If Westerfeld was trying to write a story that he would have liked reading when he was growing up, he succeeded. If you compare this story to the old classics, this story fits right in. Clashing cultures, FTL transmittions, AI, war, and a love story(on many levels).
FicusFan
April 15th, 2005, 09:18 PM
You know I think even less of Westerfeld after hearing his rationalization for writing a sub-standard book. The book wasn't sold with an "Excuse me, just kidding: Simulated SF Product Within' sticker on the cover.
If he was motivated by books he read when he was younger, great. If he wanted to recreate it fine, but do something worthwhile. There is a whole new take on Space Opera that is being done, and there is no reason he couldn't have tried to take his past influence and worked out a good story.
He did have some interesting ideas and set some good hooks for perhaps meatier bits of the story, but he just abandonned it all. The announcement that he did it on purpose just adds insult to injury.
LordBalthazar
March 28th, 2007, 01:19 PM
A fine half a book with a lot of imaginative elements that ultimately fails to satisfy on a number of levels. I found Risen Empire to be one of the most inventive novels I've read in terms of the alien worlds created - the two warrings races were particularly well detailed. If only Westerfeld had given us real, fleshed-out characters, this could have been a truly great book. I mean half-book. The only character with any depth whatsoever was Nara. Everyone else was a cypher. Things happened to them and they certainly displayed emotions (Hobbes sad and humiliated when she realizes Zai is in love with someone else; Zai as happy as a 12 year old when he finds out Nara cares enough about him to suggest he not commit suicide), but they felt like flat constructs going through the motions - Zai in particular, a by-the-book military man who does a complete about-face on everything he knows for the love of a woman. Really? So much of the interaction between the various individuals in this demi-novel felt forced, a necessary going-through-motions, while the author spends chapters upon chapters lovingly delineating the various battle sequences.

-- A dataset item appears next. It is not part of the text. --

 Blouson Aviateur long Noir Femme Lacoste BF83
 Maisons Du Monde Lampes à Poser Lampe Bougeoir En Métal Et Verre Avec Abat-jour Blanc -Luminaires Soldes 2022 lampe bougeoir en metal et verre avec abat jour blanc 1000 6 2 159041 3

Still, lots of great, very interesting ideas that engaged me on an intellectual level not unlike a good issue of New Scientist (with the last three pages containing the conclusions to the various articles missing). If it had engaged me on an emotional level, I might have even picked up the back half.
Finally, and if anyone could answer my personal curiosity as it would satisfy my questioning the author's ability to actually write a well thought-out story: at half-book's end, why do Hobbes and Zai go through the trouble of concocting the elaborate faux assassination scenario? Wouldn't it have been easier (and less dangerous though, admittedly, not quite as narratively exciting) to simply arrest the mutineers?